Supposing that we aim to screen paired-end Illumina reads of a collection of bacterial genomes for ARGs, we submit several SRST2 jobs through SLURM using the following commands:

# Gene detection
slurm_srst2.py --script srst2.py --output demo --input_pe reads/*_[1,2].fastq.gz --min_coverage 90 --max_divergence 10 --gene_max_mismatch 10 --walltime '0-1:0:0' --threads 4 --memory 8192 --rundir out --other_args "--gene_db data/ARGannot_r2.fasta --save_scores --report_all_consensus" > srst2.log
    
# Compile allele calls per sample
srst2.py --prev_output out/*_demo__genes__ARGannot_r2__results.txt --output demo

The second command line creates a compiled allele profile demo__compiledResults.txt.

1. Output files

This section explains output files of SRST2 when it is run for MLST and gene typing simultaneously.

1.1. MLST

  • [isolate name]_[output prefix]__mlst__[MLST database name]__results.txt: a single-line output on ST and MLST gene calls.
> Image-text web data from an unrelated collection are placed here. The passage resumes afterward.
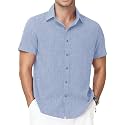 Runhit Men's Short Sleeve Button Down Shirts Casual Beach Shirt Lightweight Wrinkle Free Vacation Summer Wedding Tops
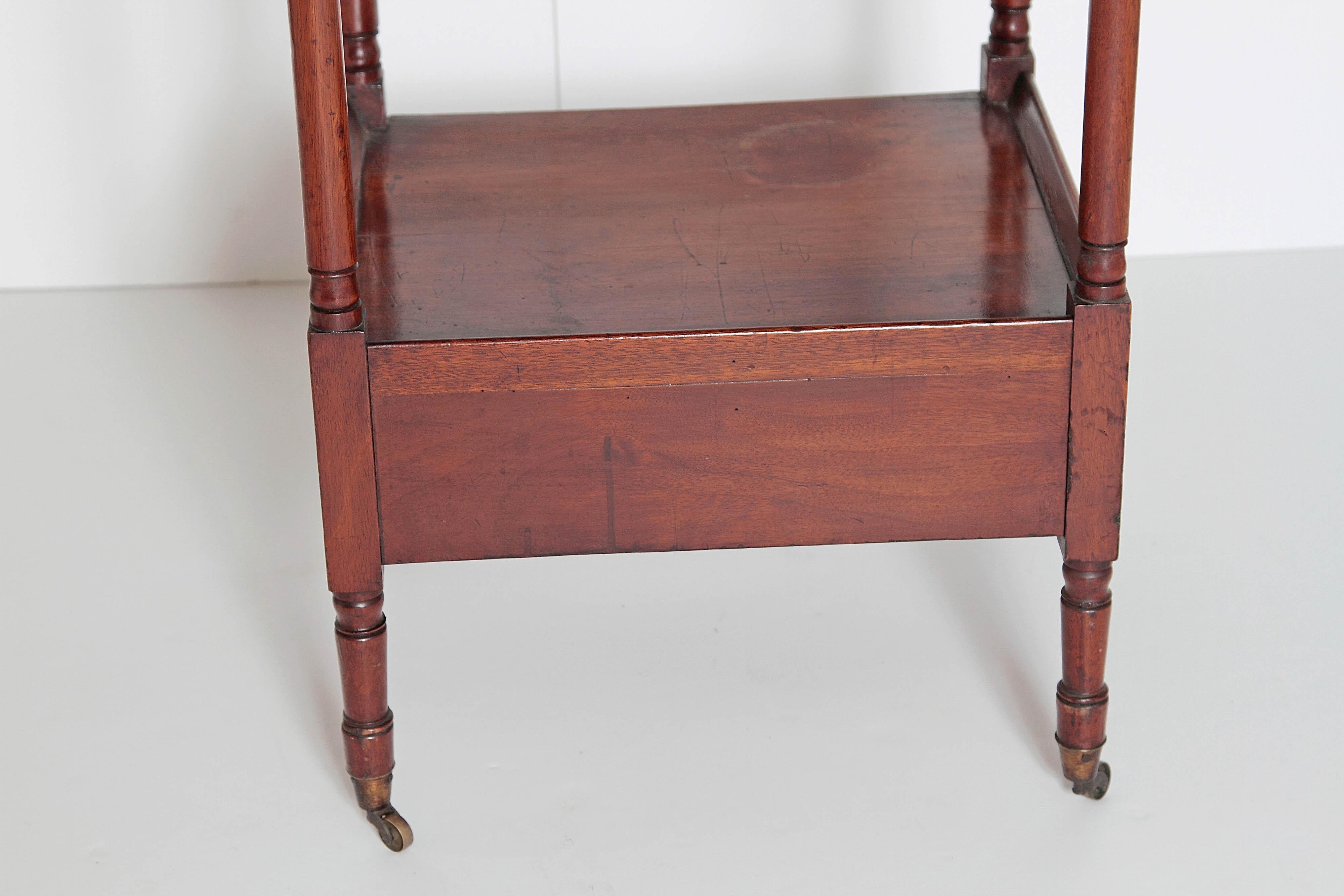 19th Century George III Four-Tier Mahogany Whatnot with Drawer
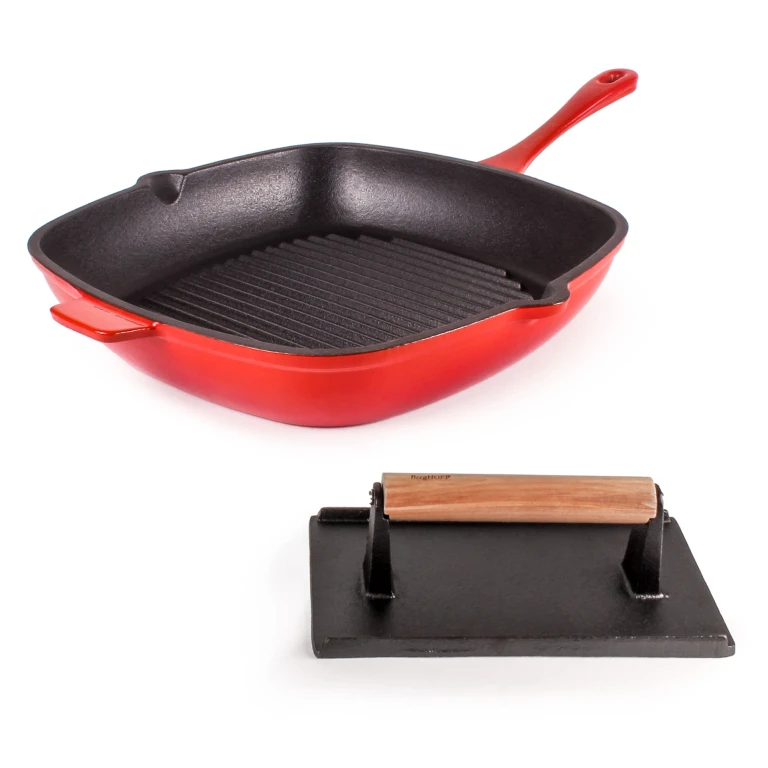 Neo 2pc Cast Iron 11" Grill Pan with Steak Press, Red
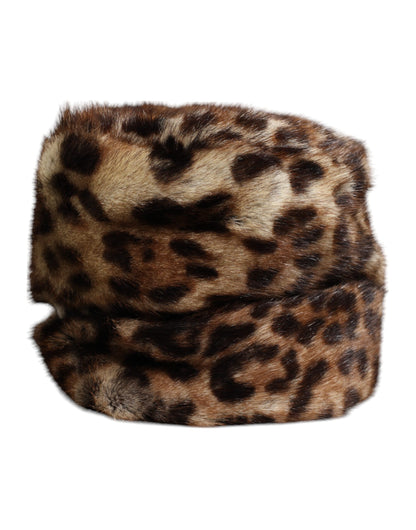 Dolce & Gabbana Brown Leopard Faux-Fur Bucket Hat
An average read depth of all MLST gene calls is also included.
  • isolate name]_[output prefix]__[isolate name].[MLST database name].scores: consists of the score, average depth, coverage, number of mismatches, and other information of every allele of every MLST gene in the MLST database. Therefore, an alignment summary of an allele is included even if this allele is not an allele call for the isolate.
  • [allele name].[isolate name]_[output prefix]__[isolate name].[MLST database name].pileup: an alignment of reads mapping to the allele call of each MLST gene.
  • [isolate name]_[output prefix]__[isolate name].[MLST database name].pileup: a large file that consists of alignments of every allele of every MLST gene for the isolate, even if some alleles are not called during the pipeline.
  • [isolate name]_[output prefix]__[isolate name].[MLST database name].sorted.bam: a binary SAM file corresponding to [isolate name]_[output prefix]__[isolate name].[MLST database name].pileup.

1.2. Gene typing

Format of sequence headers in an SRST2-formatted reference database:

>[clusterID]__[gene]_[product/phenotype]__[allele]__[seqID];[other stuff]
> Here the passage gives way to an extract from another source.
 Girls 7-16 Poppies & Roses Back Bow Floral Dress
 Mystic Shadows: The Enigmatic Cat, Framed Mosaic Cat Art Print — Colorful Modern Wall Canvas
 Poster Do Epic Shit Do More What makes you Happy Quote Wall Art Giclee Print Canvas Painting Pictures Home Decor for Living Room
Output files of gene typing are as follows:

  • [isolate name]_[output prefix]__genes__[gene database name]__results.txt: all allele calls of this isolate. Allele variants and ambiguous allele calls are denoted by an asterisk and a question mark respectively. It is in fact the second part of the compiled file [isolate name]_[output prefix]__compiledResults.txt.
  • [isolate name]_[output prefix]__fullgenes__[gene database name]__esults.txt: details of every allele call of this isolate, including allele-specific read depths and divergences from reference sequences.
  • [isolate name]_[output prefix]__[isolate name].[gene database name].scores: the same type of files as the [isolate name]_[output prefix]__[isolate name].[gene database name].scores. The information of read depth of every allele call is the same as those in last file ([isolate name]_[output prefix]__fullgenes__[gene database name]__results.txt). In addition, it contains information of other alleles of the same gene.
  • [cluster ID]__[gene name]__[allele name].[isolate name]_[output prefix]__[isolate name].[gene database name].pileup: an alignment of reads to an allele call, from which a consensus sequence is extracted.
  • [isolate name]_[output prefix]__[isolate name].[gene database name].pileup: the same kind of file as the [isolate name]_[output prefix]__[isolate name].[MLST database name].pileup. Alignments against all reference sequences although most of them are not allele calls.
  • [isolate name]_[output prefix]__[isolate name].[gene database name].sorted.bam: the binary SAM file corresponding to the file [isolate name]_[output prefix]__[isolate name].[gene database name].pileup.

1.3. Compiled results

  • [isolate name]_[output prefix]__compiledResults.txt: the content of [isolate name]_[output prefix]__mlst__[MLST database name]__results.txt plus allele calls of resistance genes in genes__*__results.txt.
  • [isolate name]_[output prefix].all_consensus_alleles.fasta: consensus sequences reconstructed from pileup files for all allele calls, including alleles of MLST genes. Suspicious allele calls (”?") are also included.
  • [isolate name]_[output prefix].new_consensus_alleles.fasta: this file only includes consensus sequences of reliable allele variants ("*") compared with the *.all_consensus_alleles.fasta. Sequences in this file are the same as those in *.all_consensus_alleles.fasta. Suspicious allele calls are not included in this file.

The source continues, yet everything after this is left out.